On May 17, the U.S. Securities and Exchange Commission announced whistleblower awards totaling more than $31 million issued to four individuals. The awards stem from two separate enforcement actions.
Through the SEC Whistleblower Program, qualified whistleblowers, individuals who voluntarily provide the SEC with original information that leads to a successful enforcement action, are entitled to a monetary award of 10-30% of funds recovered by the government.
In connection with the first of the two enforcement actions, the SEC jointly awarded $27 million to two whistleblowers. The whistleblowers provided the SEC with information and assistance that aided in an already existing investigation. According to the SEC, the whistleblowers’ “information and cooperation helped the Commission bring the enforcement action, which resulted in the return of millions of dollars to harmed investors.”
“While [the whistleblowers] provided new but limited information years after the investigation had opened, [the whistleblowers] also provided additional assistance and cooperation to the Enforcement staff, by, for example, meeting with them in-person on three separate days,” the award order states.
One of the awarded whistleblowers was represented by SEC whistleblower firm Kohn, Kohn & Colapinto. “We congratulate our client for his or her courage, perseverance, and determination in holding fraudsters accountable,” said Stephen M. Kohn, the anonymous whistleblower’s attorney.
“These awards further demonstrate that the Dodd-Frank Act (DFA) whistleblower laws covering securities frauds and foreign bribery deter crime, put fraudsters in jail, help recover billions for investors, and protect the integrity of the markets,” Kohn added. “The confidentiality and anonymity provisions of the DFA make it possible for high-level executives and others to report fraud without risking their careers and livelihoods.”

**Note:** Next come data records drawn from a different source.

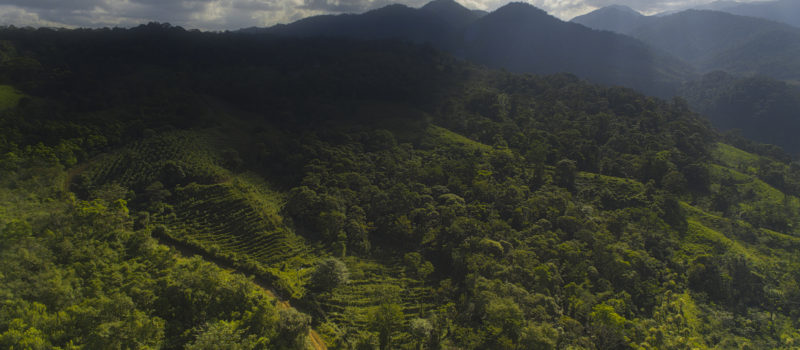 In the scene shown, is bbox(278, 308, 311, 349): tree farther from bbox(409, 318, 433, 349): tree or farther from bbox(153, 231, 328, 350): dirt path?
bbox(409, 318, 433, 349): tree

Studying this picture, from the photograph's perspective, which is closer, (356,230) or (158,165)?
(356,230)

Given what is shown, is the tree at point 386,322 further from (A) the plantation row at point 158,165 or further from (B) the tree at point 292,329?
(A) the plantation row at point 158,165

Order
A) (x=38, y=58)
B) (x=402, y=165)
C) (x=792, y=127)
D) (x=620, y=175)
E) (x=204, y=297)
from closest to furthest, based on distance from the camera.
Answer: (x=204, y=297)
(x=402, y=165)
(x=620, y=175)
(x=38, y=58)
(x=792, y=127)

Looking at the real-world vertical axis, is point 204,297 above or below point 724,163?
below

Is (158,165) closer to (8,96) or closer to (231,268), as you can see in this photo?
(231,268)

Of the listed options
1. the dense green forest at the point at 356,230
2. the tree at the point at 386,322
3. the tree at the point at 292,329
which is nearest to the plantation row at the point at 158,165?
the dense green forest at the point at 356,230

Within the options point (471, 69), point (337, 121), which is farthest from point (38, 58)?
point (471, 69)

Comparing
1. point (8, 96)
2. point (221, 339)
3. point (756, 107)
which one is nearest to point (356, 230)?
point (221, 339)

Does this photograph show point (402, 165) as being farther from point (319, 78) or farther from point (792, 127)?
point (792, 127) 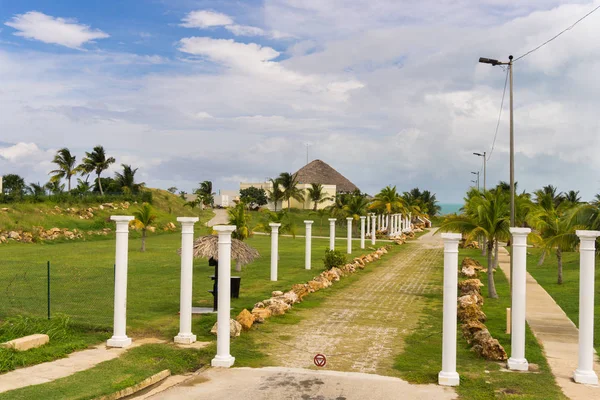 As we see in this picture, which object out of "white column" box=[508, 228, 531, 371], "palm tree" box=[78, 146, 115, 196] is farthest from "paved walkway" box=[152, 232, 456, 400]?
"palm tree" box=[78, 146, 115, 196]

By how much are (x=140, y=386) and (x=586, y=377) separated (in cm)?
732

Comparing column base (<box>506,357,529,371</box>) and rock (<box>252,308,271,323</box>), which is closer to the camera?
column base (<box>506,357,529,371</box>)

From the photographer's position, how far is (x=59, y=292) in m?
17.5

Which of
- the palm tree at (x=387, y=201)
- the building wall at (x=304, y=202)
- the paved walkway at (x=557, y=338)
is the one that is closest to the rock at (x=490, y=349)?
the paved walkway at (x=557, y=338)

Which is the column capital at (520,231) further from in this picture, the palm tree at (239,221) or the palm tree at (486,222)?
the palm tree at (239,221)

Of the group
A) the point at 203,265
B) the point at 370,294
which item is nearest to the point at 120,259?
the point at 370,294

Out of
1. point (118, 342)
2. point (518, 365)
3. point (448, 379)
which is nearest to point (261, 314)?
point (118, 342)

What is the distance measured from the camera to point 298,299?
57.2 feet

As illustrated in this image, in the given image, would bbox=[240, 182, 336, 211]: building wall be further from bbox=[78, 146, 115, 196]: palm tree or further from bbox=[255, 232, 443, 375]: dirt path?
bbox=[255, 232, 443, 375]: dirt path

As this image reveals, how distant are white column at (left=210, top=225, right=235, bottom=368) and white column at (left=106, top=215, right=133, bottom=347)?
198cm

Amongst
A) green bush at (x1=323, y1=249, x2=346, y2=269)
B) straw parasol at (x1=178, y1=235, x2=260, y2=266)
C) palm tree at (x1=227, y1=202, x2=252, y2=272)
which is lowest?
green bush at (x1=323, y1=249, x2=346, y2=269)

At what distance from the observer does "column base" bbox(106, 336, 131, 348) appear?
11500mm

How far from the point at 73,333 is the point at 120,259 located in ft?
6.21

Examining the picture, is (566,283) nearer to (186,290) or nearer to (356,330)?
(356,330) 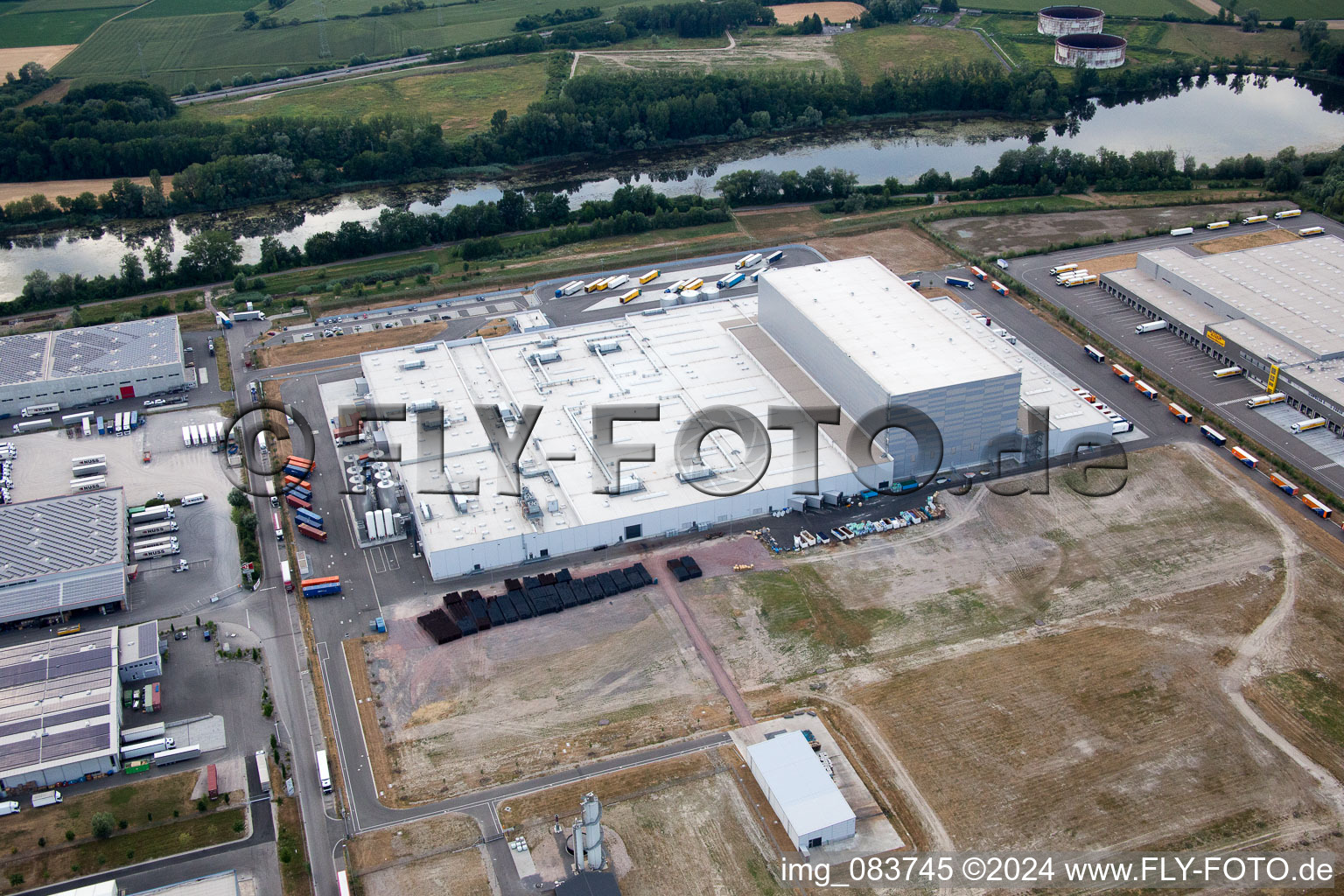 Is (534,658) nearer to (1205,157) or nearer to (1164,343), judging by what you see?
(1164,343)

In connection with the second enforcement action, the SEC awarded one whistleblower approximately $3.75 million and another whistleblower approximately $750,000. Unlike the whistleblowers who were awarded jointly, these two whistleblowers did not make their disclosures in tandem. The SEC’s press release explains: “While both whistleblowers independently provided information that assisted SEC staff in an ongoing investigation, the whistleblower who received the larger award provided information and assistance that was more important to the resolution of the overall case.”
According to the award order, the SEC initially denied the award application of the individual who was eventually awarded $3.75 million. The original denial of the award application was made on the grounds that the whistleblower did not “voluntarily” provide the information to the SEC, as mandated by the DFA. The SEC states that, at the time of the Preliminary Decision, the record showed that SEC Enforcement staff had requested information from the individual prior to the whistleblower disclosure. The whistleblower contested the SEC’s Preliminary Decision, however, and provided new evidence proving that they did indeed voluntarily provide the information prior to the SEC’s request.
“Whistleblowers play a critical role in an investigation, whether at the outset or during the course of an investigation,” said Emily Pasquinelli, Acting Chief of the SEC’s Office of the Whistleblower. “Today’s awards demonstrate that whistleblowers with specific, credible information who significantly contribute to the success of an existing investigation may be eligible for an award.”
Pasquinelli took over as Acting Chief following the departure of longtime Chief Jane Norberg in April. That same month, Gary Gensler was confirmed as the new Chair of the SEC. Prior to his confirmation, Gensler pledged his support for the SEC Whistleblower Program.
Gensler and Pasquinelli have stepped into their leadership roles in the midst of a record fiscal year for the whistleblower program. Since the fiscal year began on October 1, 2020, the SEC has awarded approximately $311 million to 52 individuals – both fiscal year records.
Overall, the SEC has awarded approximately $873 million to 162 individuals since issuing its first award in 2012. In addition to monetary awards, the SEC Whistleblower Program offers anti-retaliation protections to whistleblowers. These include confidentiality, and thus, the SEC does not disclose any identifying information about award recipients.